Um gegen die Militärdemokratur in der Türkei zu protestieren oder zu kämpfen, ist jedoch kein kurdisches Volk als Legitimation nötig. Um gegen die Ausgrenzung von Menschen aus der Türkei und anderswo in der BRD anzugehen, brauche ich weder alte Traditionen, noch ein kurdisches Volk, noch ein Bündnis mit der PKK. Beidemale geht es um antiherrschaftliche Politik: Gegen Unterdrückung und Ausbeutung zu sein, ist etwas anderes, als für ein Volk.

 

Wer von Identität als positiver Kategorie spricht und von einem "Selbstbestimmungsrecht der Völker" ausgeht, untergräbt die Grundlage des Antirassismus.
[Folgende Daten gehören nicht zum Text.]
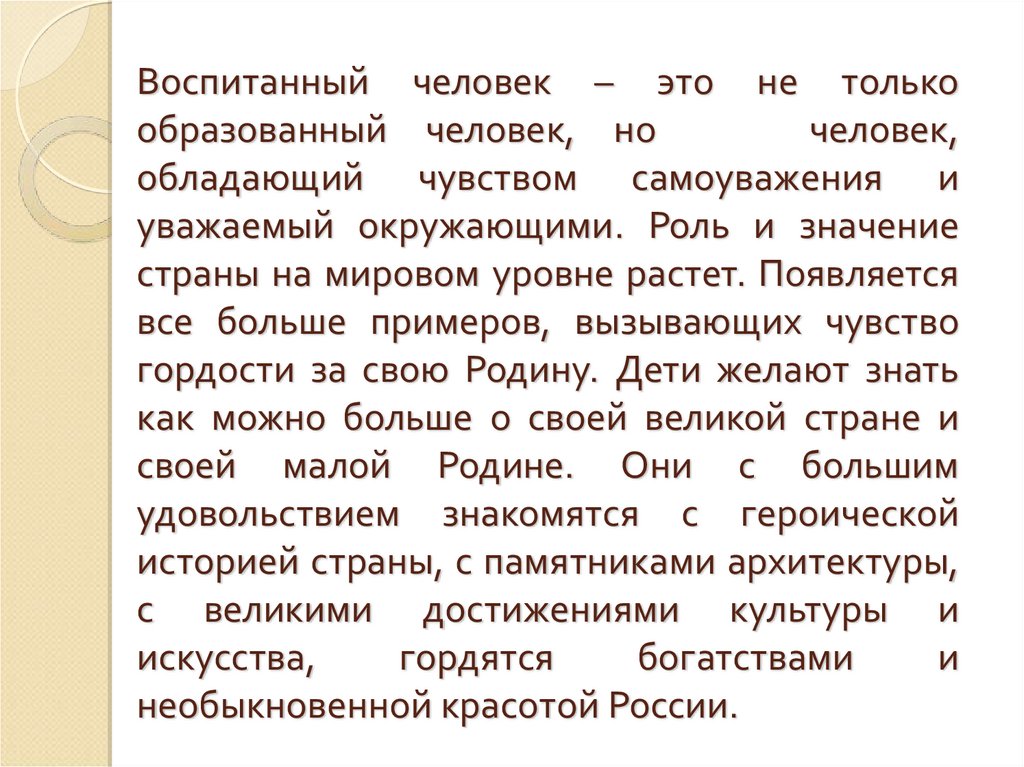 Истинно воспитанный человек. Воспитанный человек этт. Воспитать человека. Воспитанный человек это тот кто. Понятие воспитанный человек.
Ein Bezug auf "Scholle/Heimat" und "Volk" führt direkt zum Dogma "jeder an seinen Platz". Das Begriffspaar "Verwurzelte – Vertriebene" steht den Interessen eingewanderter/geflüchteter Menschen entgegen. Öcalan selbst hat den Rassismus gegen kurdische Flüchtlinge in Deutschland bereits früher mit der illegalen Flucht dieser Menschen aus ihrer "Heimat" gerechtfertigt und sich entschuldigt, dass Kurden mit ihren Aktionen "die Gefühle des deutschen Volkes verletzt" hätten. Solange sich PKK wie Solibewegung weiterhin auf Kategorien wie Volk und Ethnie beziehen und antirassistische Ansätze nicht zu einem wichtigen Bestandteil ihrer Politik machen, ist eine umfassende Befreiung jenseits von nationalen Identitätszuschreibungen nicht möglich.

 

Um gegen Unterdrückung anzugehen, müssen bürgerliche Ideologien und Selbstzuschreibungen von jeweilig Betroffenen nicht übernommen werden - auch in Bündnissen nicht. Für eine emanzipatorische Bewegung ist es vielmehr existenzielle Voraussetzung, die Hoffnung auf eine größere Breite der Bewegung nicht mit der Hinnahme von Herrschaftsverhältnissen zu erkaufen. Diese Debatte um kritische Solidarität ist nicht neu. Für uns heißt kritische Solidarität auch, den eigenen sozialen Ort und Privilegien mitzudenken. So geht es uns nicht - wie Skubsch uns vorwirft - darum, die Ideale einer vermeintlich wertfreien Aufklärung zu exportieren und zum alleinigen Maßstab zu machen. Vielmehr sind wir uns gerade dessen bewusst, dass die Konzepte von Nation und Staatsvolk von Europa aus zusammen mit dem kapitalistischen Weltmarkt gewalttätig allerorten durchgesetzt wurden. Gegen metropolitanes Denken einzutreten, heißt deshalb, nicht weiterhin weltweit Menschen in Nationen und Völker einzuteilen. Denn dies macht sie zu Objekten - von Solidarität wie Herrschaft.